Everything below from the line with "Glass jug with 6 cups" through the line with "BMW 330e xDrive" must be retyped exactly, except the pictures.

DATASET:

○ ○ ○ ○

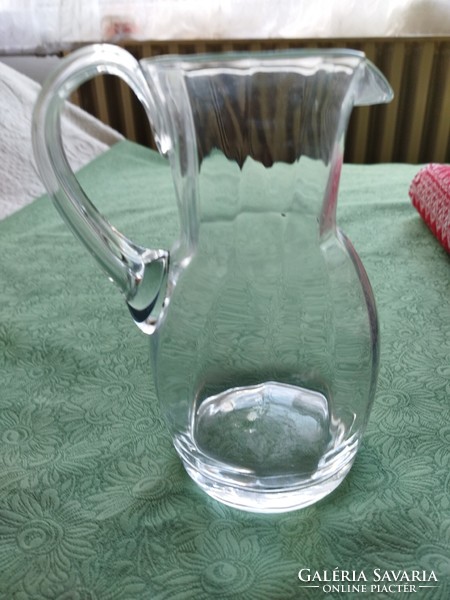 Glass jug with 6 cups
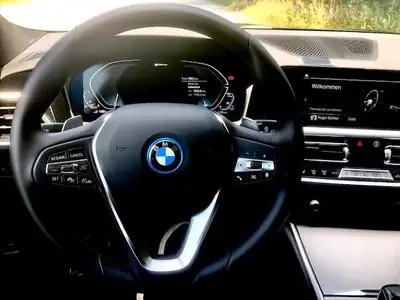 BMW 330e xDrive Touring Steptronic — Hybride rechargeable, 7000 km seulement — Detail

○ ○ ○ ○

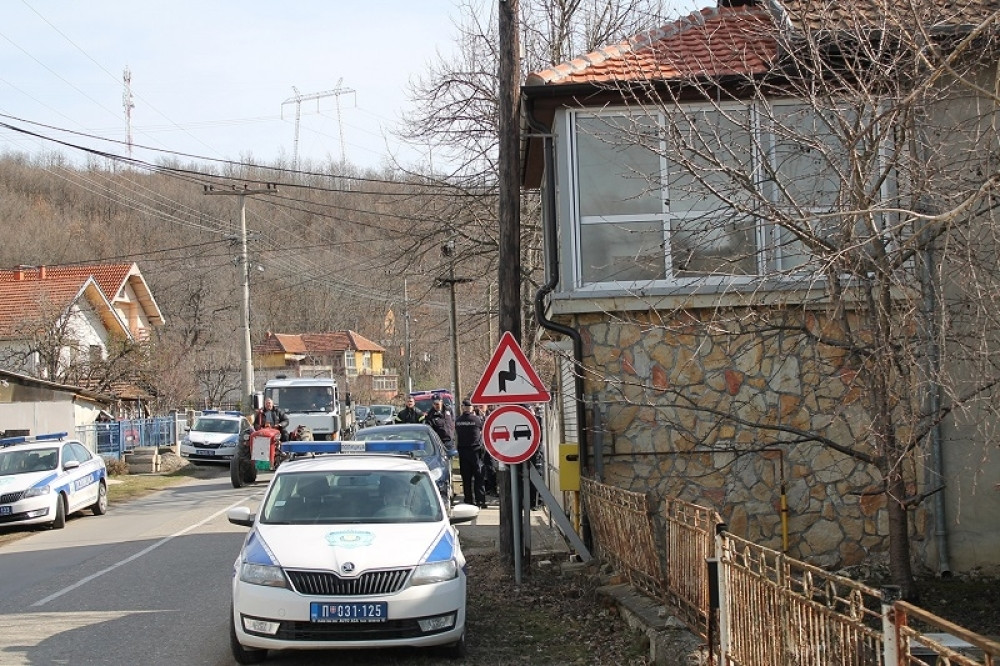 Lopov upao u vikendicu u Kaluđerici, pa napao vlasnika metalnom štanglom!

○ ○ ○ ○

OUTPUT OF THE EXERCISE:
 Glass jug with 6 cups
 BMW 330e xDrive Touring Steptronic — Hybride rechargeable, 7000 km seulement — Detail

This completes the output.